Intervista a SABINA MELESI di Matteo Galbiati
Come avete affrontato il lockdown e la relativa chiusura della vostra galleria? Avete cercato di colmare il vuoto attraverso la progettualità online e/o attraverso un uso diverso dei social? Come si è modificato il rapporto con il vostro pubblico?
Una pandemia di tale portata ha conseguenze incontrastabili per una piccola realtà come la mia, almeno nell’immediato, nelle prime settimane. Devo ammettere di aver subìto questa situazione, mi sono isolata in casa e ho cercato più di affrontare le problematiche umane che mi circondavano che non quelle lavorative. Grazie ai 250 metri di distanza tra la mia abitazione e la galleria, passate le prime settimane, ho ripreso il lavoro dedicandomi a quelle cose che normalmente trascuro per mancanza di tempo o della calma necessaria. Non amo molto le mostre virtuali così come le varie videoconferenze o videointerviste, purtroppo spesso interrotte e disturbate da problemi di connessione. Sono troppe, gli orari si sovrappongono, il pubblico si riduce. Nulla può sostituire la fruizione diretta. Mostre, vernissage, eventi, fiere, incontri “veri” mi sono mancati tantissimo durante il lockdown!
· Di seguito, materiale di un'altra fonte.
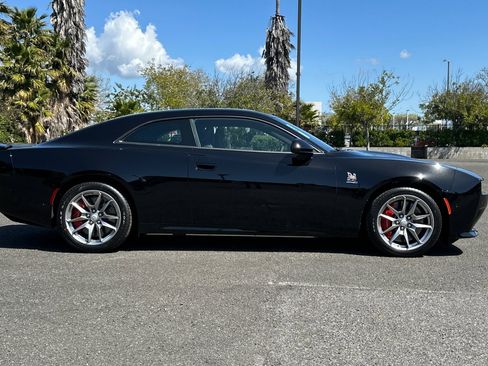 New 2024 Dodge Charger R/T Scat Pack w/ Plus Group image 2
Mai come in questo periodo abbiamo sentito parlare di “mondo dell’arte” ma proprio in un momento come questo è difficile immaginarlo come omogeneo. Composto da figure diverse: artisti, collezionisti, appassionati, critici, curatori, galleristi, organizzatori, editori. Un insieme spesso diviso da interessi contrastanti… Ora, se e in che modo, vi sentite parte di un “sistema”? Come state affrontando, dal lato umano e pratico, la vostra attività? Vi siete posti degli obiettivi a breve termine?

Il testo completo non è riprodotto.